La vicenda di termini Imprese potrebbe, allora, diventare emblematica anche per l'occasione che offre per un cambiamento di approccio politico da parte del centrosinistra per riconquistare quella che anni fa era la sua base elettorale, ovvero il mondo dei lavoratori dell'industria, che rappresentano invece ormai la base elettorale del Pdl.

Come emerge dal sondaggio Ipsos pubblicato dal Sole 24 ore di oggi infatti, il partito di maggioranza, Pdl, cresce (+3% rispetto alle europee) ed ha una base elettorale sempre più legata al mondo operaio (il 36%) e sempre più alle regioni del Mezzogiorno, dove sfiora la maggioranza assoluta. In questo sondaggio anche il Pd avanza (+4% rispetto alle europee) e mantiene un vantaggio nelle categorie del pubblico impiego, ma rimane comunque secondo al partito del premier.

«Una spiegazione al fenomeno della tenuta di Berlusconi e del suo governo»- commenta Roberto D'alimonte- si può trovare nel fatto che «in una democrazia bipolare- (come quella che emerge sempre più evidente dal sondaggio Ipsos, ndr)-il consenso va a chi sa esprimere leaderhip e unità d'intenti. Berlusconi lo ha capito da tempo. Gli altri no».

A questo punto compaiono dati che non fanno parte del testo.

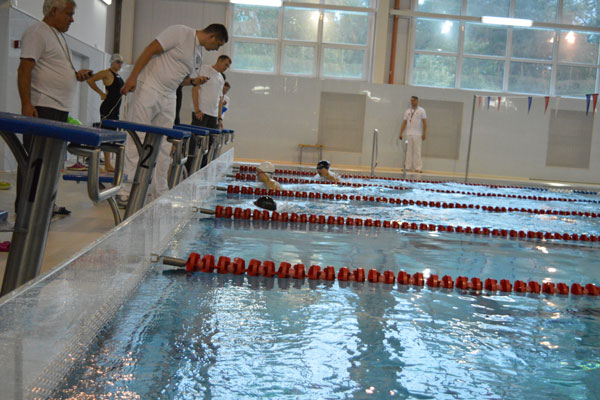 В «Аквамеде» прошел Открытый Чемпионат и Первенство города Рязани по плаванию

Perché non provare allora ad esprimere una leadership da parte del Pd che sappia riconquistare il mondo degli operai, offrendo loro una visione chiara e unitaria di quella che dovrà e potrà essere la politica industriale per il futuro, ovvero una politica che non potrà accontentarsi delle poche briciole di oggi senza alcuna garanzia per il domani e che non potrà che tenere conto della necessità di riconvertirla in chiave ecologica.